End-to-end AI Agent Project with LangChain | Full Walkthrough

The video provides a comprehensive walkthrough of building a backend API with FastAPI for an AI-powered chat application using LangChain, featuring asynchronous streaming, parallel tool execution, and real-time response display. It highlights key implementations such as integrating asynchronous SERP API calls and managing tool interactions, culminating in a fully functional app that handles complex queries with dynamic tool usage and encourages further extension.

In the final capstone chapter of the LangChain course, the instructor guides viewers through building a fully functional chat application that leverages AI agents with tool access. This chat app can handle complex queries by utilizing various tools in parallel, streaming responses in real-time to the user interface. The backend API, built with FastAPI, manages asynchronous streaming of tokens from the language model, allowing the frontend to display answers and tool usage dynamically. The instructor emphasizes that while the frontend code is available, the focus of this chapter is on constructing the backend API that powers the application.

The setup process involves cloning the course repository, installing necessary Python packages using the uv tool, and configuring environment variables for API keys such as OpenAI and SERP API. Once the environment is ready, the FastAPI server can be launched, exposing an endpoint that streams responses from the language model. The instructor demonstrates how the streaming works by running a test notebook that sends queries and iterates over the streamed tokens, showing how special tokens help the frontend parse and display tool usage and final answers in a structured format.
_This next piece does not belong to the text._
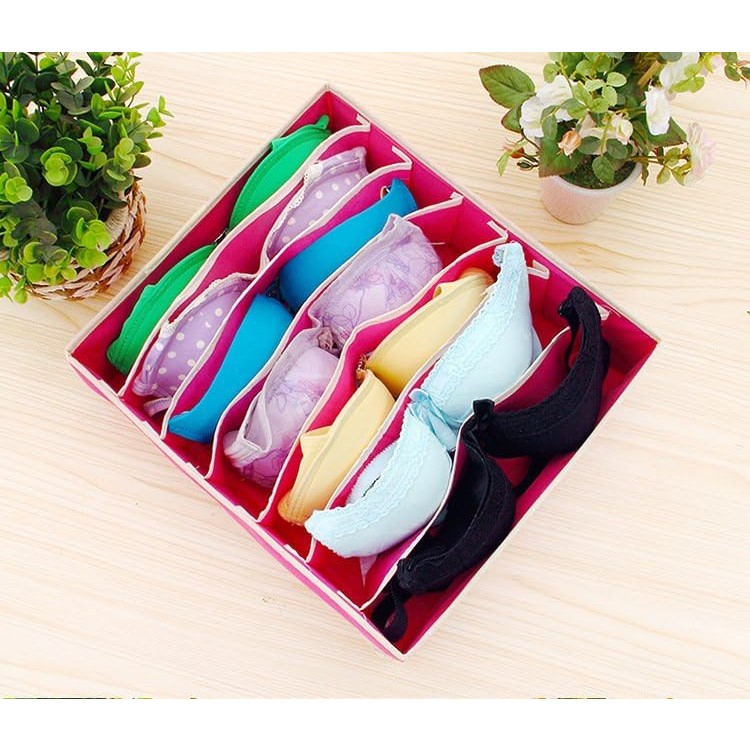 Cutie De Depozitare, Pentru Lenjerie, Sosete Si Sutiene, Material Textil, 7 Compartimente, 32 x 32 x 10 cm, Culoare Roz [1]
Delving into the API code, the instructor explains the asynchronous architecture that enables parallel tool execution. The API uses an async generator to yield tokens as they arrive, with careful handling of tool call tokens and parameters to maintain synchronization between AI messages and tool responses. The agent executor function orchestrates the process by receiving queries, invoking the language model, parsing tool calls, executing those tools asynchronously using asyncio.gather, and managing the conversation history to maintain context. Special attention is given to ensuring tool call and response pairs are correctly ordered to prevent deadlocks or hanging responses.
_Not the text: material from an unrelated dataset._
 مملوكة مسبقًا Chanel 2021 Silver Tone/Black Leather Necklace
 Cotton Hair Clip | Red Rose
A significant portion of the walkthrough focuses on the SERP API tool integration, highlighting the transition from a synchronous to an asynchronous implementation. Since the official SERP API SDK does not support async calls, the instructor demonstrates how to use the aiohttp library to perform asynchronous HTTP requests, enabling the tool to fit seamlessly into the async agent framework. The results from the SERP API are parsed into structured article objects for cleaner output, and the asynchronous tool is wrapped appropriately to be used by the agent executor.
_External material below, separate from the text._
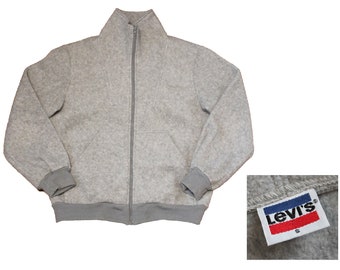 Vintage jack - Levi&#39;s fleece jack met rits (jaren 90 / Small / S / Vintage Levi&#39;s / Levi&#39;s jas / grijze fleece / grijze jas / grijze jas / VS)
Finally, the instructor runs the full application, showcasing its capabilities with various example queries that trigger different tools, including arithmetic operations and live web searches. The app streams intermediate steps and final answers, displaying tool usage and citations in real-time. The course concludes by encouraging learners to extend the application by adding new tools and experimenting further, emphasizing that this project serves as a foundation for building more advanced AI-powered applications. The instructor thanks viewers for completing the course and encourages them to continue exploring the possibilities of AI development.